Ainda estou à espera
Valdemar Queiroz
Valdemar Silva
1 jul 2019 22:42
Ainda estou à espera de um relato dele sobre a 'Judy', a cadela setter que foi connosco para a Guiné e que ele cuidava amorosamente, principalmente o relato do que se passou na viagem no'Timor' e numa emboscada feita numa noite da zona de Piche em que a cadela também foi com a nossa tropa.
Já tenho alinhavado a "A 'Judy' também foi prá guerra" mas faltam estes importantes relatos.
Quanto ao resto o Cunha é uma pessoa extraordinária.
Eu costumo dizer que ele teve comportamentos surrealistas/naïfs que não lembrou aos verdadeiros autores desses movimentos artísticos.
Abraço
Valdemar Queiroz
Olá a todos,
Gostei imenso de ler este artigo, referente á vida do Monteiro, na Guiné, sempre foi uma pessoa bastante diferenre dos demais, pela ssua inteligência e discrição.
Foi meu camarada, nas Caldas, Vendas Novas, Tancos e Leste da Guiné, até levar a porrada.
Assunto, que assisti pessoalmente, e que já relatei para o Blog.
A minha estranheza em relação ao que ele relata, é a alcunha do Cunha, eu nunca ouvi tal,nome.
Mas pronto, tudo é possível, para mim o que recordo, é que o Cunha, se intitulava, como Coronel Lucas Titio, era ou não Valdemar?
É sempre bom, recordar, estas cenas, a foto do Geba em Contuboel, faz-me lembrar, os bons banhos, que lá tomava-mos, e ir lavar a vista, com as bajudas.
Até á proxima.
Abílio Duarte.
Duarte
Eu também não me recordo dessa alcunha do Cunha.
Quanto à outra alcunha não está correcta, falta-lhe o Miliciano
Coronel Miliciano Lukas Titio, assim é que era.
Temos que concordar que era uma alcunha surrealista. 'Cor.Mil.' não lembra ao diabo.

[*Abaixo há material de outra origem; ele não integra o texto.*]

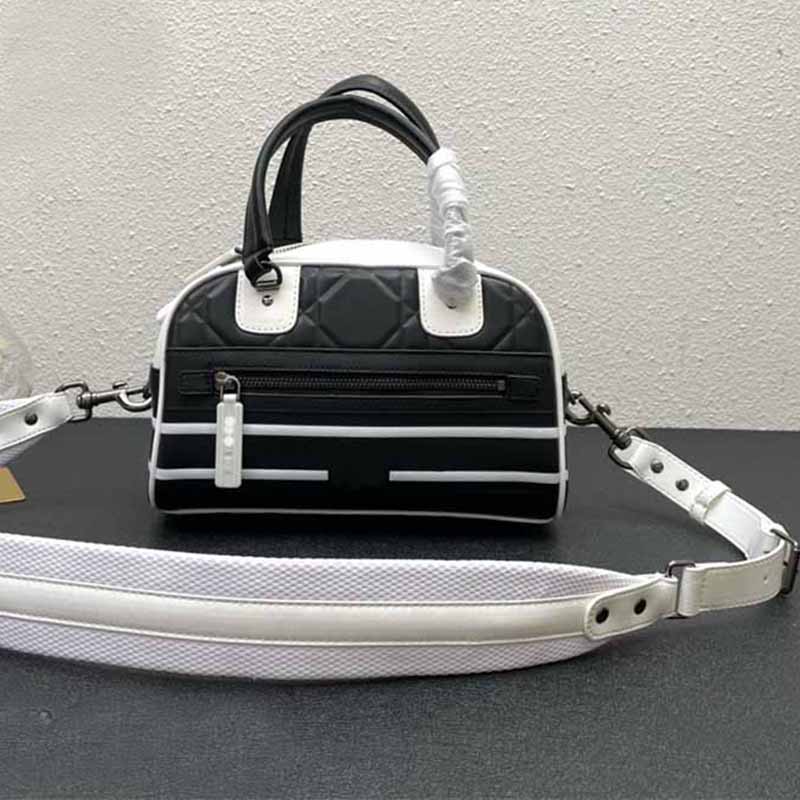 Designer Shoulder Bags for Women Fashion Handbag Wallet Luxury Wallet Messenger Classic Brand Leather Purse Phone sports stylebagnoble and elegant light, Contact me
Designer Shoulder Bags for Women Fashion Handbag Wallet Luxury Wallet Messenger Classic Brand Leather Purse Phone sports stylebagnoble and elegant light, Contact me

Uma das máximas do Cunha e bem surrealista passou-se na EPA - Vendas Novas, quando ele
lá ficou a dar Instrução depois de acabar a Especialidade.
Foi numa reunião da Bateria de Instrução com todos Aspirantes, Furriéis e Cabos Milicianos que tratavam sobre as tarefas do dia, que o Cunha mandou um VRRRRRRR!!!! assustando os presentes.

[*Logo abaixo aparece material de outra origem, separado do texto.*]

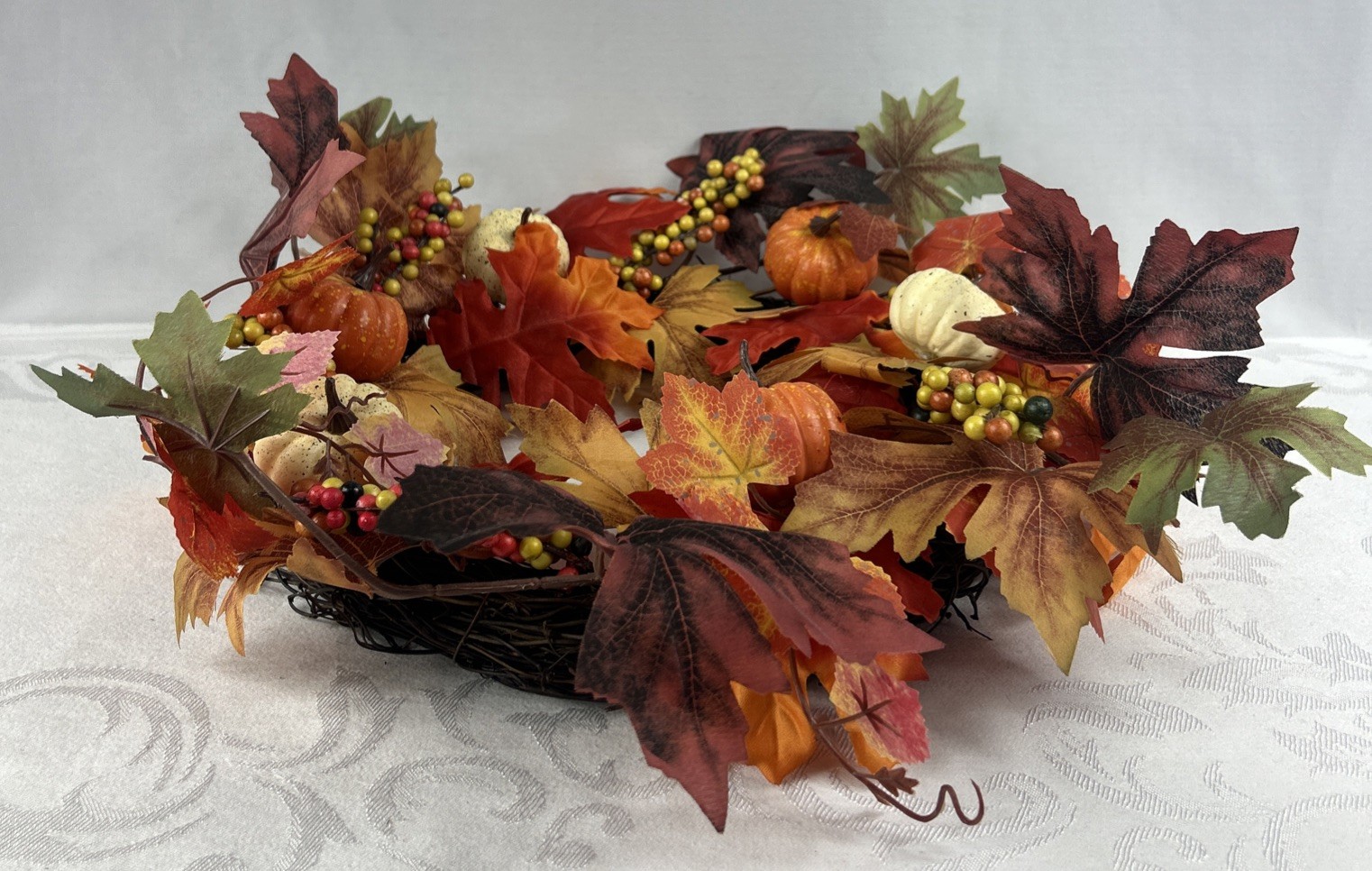 18” Artificial Autumn Maple Leaf & Berry Wreath – Fall Harvest Door Décor New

Mas o que se passa Cunha? perguntou um dos Aspirantes.
Como estou a desenhar este novo modelo Lukas Titio, experimentei os motores, respondeu o Cunha apontando para os desenhos de carros que estava a fazer enquanto decorria a reunião.
Ah!ah!ah!ah!ah!
Mas com todo o seu surrealista não deixou de ser um grande exigente nas várias acções de combate na Guiné, incluindo ter feito parte da celebre emboscada de Sinchã Lali feita ao IN na região de Piche.
Abraço e saúde da boa
Valdemar Queiroz
p.s. convém corrigir que o Cunha é natural das Caldas da Rainha e além de ser músico, também tem o Curso de Modelador/Barrista das Caldas.